If the supplier does not make delivery within 30 days after the delivery date specified in this agreement or if the supplier does not begin performance of his, her or its obligations within 30 days after the commencement date specified in this agreement, you may cancel this agreement at any time before delivery or commencement of performance. You lose the right to cancel if, after the 30-day period has expired, you agree to accept delivery or authorize commencement of performance.

If the delivery date or commencement date is not specified in this agreement and the supplier does not deliver or commence performance within 30 days after the date this agreement is entered into, you may cancel this agreement at any time before delivery or commencement of performance. You lose the right to cancel if, after the 30-day period has expired, you agree to accept delivery or authorize commencement of performance.

In addition, there are other grounds that allow you to cancel this agreement. You may also have other rights, duties and remedies at law. For more information, you may contact the Ministry of Consumer and Business Services.

To cancel this agreement, you must give notice of cancellation to the supplier, at the address set out in the agreement, by any means that allows you to prove the date on which you gave notice.

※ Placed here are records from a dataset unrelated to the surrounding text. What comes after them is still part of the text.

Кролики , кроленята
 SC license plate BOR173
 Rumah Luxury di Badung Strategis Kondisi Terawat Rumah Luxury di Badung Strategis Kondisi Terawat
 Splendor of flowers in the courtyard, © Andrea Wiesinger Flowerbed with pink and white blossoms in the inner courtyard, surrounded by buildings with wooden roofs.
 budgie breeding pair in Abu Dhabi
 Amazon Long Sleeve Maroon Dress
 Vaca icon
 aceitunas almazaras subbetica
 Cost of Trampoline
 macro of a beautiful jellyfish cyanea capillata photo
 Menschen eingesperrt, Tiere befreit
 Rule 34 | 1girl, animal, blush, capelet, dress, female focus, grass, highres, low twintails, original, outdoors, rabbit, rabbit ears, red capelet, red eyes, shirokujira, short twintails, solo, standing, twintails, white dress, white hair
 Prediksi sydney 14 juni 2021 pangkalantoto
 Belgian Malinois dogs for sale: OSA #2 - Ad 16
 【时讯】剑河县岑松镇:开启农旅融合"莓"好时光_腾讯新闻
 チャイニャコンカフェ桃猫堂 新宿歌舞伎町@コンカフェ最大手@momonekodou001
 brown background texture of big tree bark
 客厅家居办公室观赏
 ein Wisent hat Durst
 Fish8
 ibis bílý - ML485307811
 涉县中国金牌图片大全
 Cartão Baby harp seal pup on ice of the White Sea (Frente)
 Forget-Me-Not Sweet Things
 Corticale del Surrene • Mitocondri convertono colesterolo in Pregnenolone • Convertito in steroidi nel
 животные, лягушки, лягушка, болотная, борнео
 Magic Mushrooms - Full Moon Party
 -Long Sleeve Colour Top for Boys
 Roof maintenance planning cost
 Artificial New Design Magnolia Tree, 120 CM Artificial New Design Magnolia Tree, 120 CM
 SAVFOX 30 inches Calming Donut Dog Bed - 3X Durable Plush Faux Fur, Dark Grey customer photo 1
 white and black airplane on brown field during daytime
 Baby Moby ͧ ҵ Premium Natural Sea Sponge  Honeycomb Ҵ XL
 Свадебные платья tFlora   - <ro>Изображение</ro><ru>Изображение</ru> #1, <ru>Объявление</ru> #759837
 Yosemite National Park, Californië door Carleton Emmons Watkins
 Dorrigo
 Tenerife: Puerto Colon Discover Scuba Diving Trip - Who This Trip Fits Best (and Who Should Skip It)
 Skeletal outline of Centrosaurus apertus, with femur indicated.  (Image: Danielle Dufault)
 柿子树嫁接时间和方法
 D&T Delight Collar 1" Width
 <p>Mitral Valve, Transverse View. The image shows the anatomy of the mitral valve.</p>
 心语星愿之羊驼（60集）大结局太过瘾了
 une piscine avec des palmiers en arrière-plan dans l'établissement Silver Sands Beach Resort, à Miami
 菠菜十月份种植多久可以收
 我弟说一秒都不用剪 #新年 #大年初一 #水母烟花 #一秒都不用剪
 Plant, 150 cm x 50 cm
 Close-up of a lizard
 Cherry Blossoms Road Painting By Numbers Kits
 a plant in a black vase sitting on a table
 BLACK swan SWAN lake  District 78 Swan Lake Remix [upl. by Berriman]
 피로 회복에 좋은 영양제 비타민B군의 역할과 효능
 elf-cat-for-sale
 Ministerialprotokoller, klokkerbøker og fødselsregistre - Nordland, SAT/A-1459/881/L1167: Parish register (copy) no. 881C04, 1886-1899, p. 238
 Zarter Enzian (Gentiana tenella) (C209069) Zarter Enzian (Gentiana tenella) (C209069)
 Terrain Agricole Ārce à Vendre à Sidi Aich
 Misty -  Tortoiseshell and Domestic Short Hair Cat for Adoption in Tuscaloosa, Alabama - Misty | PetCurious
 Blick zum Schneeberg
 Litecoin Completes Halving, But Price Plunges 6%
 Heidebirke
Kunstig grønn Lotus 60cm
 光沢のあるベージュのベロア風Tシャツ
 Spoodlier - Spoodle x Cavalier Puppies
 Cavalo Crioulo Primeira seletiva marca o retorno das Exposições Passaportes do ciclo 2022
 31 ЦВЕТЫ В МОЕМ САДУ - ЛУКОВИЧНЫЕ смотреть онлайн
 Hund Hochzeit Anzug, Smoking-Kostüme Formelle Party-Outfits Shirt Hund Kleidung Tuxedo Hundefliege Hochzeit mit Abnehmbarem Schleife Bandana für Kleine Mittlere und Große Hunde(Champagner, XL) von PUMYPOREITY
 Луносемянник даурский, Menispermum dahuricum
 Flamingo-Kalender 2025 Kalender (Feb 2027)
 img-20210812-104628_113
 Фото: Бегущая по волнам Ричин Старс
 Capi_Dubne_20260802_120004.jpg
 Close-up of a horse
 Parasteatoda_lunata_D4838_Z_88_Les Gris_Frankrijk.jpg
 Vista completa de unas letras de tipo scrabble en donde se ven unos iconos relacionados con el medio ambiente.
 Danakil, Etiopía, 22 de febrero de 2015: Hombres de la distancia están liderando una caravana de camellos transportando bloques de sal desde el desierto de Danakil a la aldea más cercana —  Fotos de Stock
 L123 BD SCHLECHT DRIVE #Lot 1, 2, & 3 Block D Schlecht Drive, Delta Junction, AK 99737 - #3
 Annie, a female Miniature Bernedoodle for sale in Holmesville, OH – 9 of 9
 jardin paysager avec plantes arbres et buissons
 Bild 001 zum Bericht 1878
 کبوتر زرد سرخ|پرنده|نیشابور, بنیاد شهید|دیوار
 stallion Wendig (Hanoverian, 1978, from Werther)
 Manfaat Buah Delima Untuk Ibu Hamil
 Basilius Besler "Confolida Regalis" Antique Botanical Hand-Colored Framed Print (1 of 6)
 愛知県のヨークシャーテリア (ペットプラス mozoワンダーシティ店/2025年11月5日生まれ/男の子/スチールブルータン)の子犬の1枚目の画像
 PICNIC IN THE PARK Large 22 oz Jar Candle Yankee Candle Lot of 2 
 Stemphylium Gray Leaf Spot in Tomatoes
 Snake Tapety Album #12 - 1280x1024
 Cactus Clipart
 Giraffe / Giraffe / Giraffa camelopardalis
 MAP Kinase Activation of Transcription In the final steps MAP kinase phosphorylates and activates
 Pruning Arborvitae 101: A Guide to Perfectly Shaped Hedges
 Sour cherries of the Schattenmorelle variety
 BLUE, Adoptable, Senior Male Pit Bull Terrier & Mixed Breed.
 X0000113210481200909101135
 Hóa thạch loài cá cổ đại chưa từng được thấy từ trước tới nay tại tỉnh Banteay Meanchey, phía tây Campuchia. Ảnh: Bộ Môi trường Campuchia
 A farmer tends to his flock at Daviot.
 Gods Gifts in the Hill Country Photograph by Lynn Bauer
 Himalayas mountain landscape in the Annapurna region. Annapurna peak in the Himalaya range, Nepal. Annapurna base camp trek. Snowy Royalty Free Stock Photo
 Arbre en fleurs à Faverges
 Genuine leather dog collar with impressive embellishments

If no address is set out in the agreement, use any address of the supplier that is on record with the Government of Ontario or the Government of Canada or is known by you.

If you cancel this agreement, the supplier has fifteen (15) days to refund any payment you have made and return to you all goods delivered under a trade-in arrangement (or refund an amount equal to the trade-in allowance).

However, if you cancel this agreement after having solicited the goods or services from the supplier and having requested that delivery be made or performance be commenced within ten (10) days after the date this agreement is entered into, the supplier is entitled to reasonable compensation for the goods and services that you received before the earlier of the 11th day after the date this agreement was entered into and the date on which you gave notice of cancellation to the supplier, except goods that can be repossessed by or returned to the supplier.

If the supplier requests in writing repossession of any goods that came into your possession under the agreement, you must return the goods to the supplier’s address, or allow one of the following persons to repossess the goods at your address:

The supplier.

A person designated in writing by the supplier.

If you cancel this agreement, you must take reasonable care of any goods that came into your possession under the agreement until one of the following happens:

The supplier repossesses the goods.

The supplier has been given a reasonable opportunity to repossess the goods and twenty-one (21) days have passed since the agreement was cancelled.

You return the goods.

The supplier directs you in writing to destroy the goods and you do so in accordance with the supplier’s instructions.

Section 8.15      Costs and Legal Proceedings

(1)   The Renter agrees to pay all costs and expenses including legal fees on a solicitor and his own client basis of FIESTAville incurred with respect to any proceedings taken for the purpose of enforcing the rights and remedies of FIESTAville.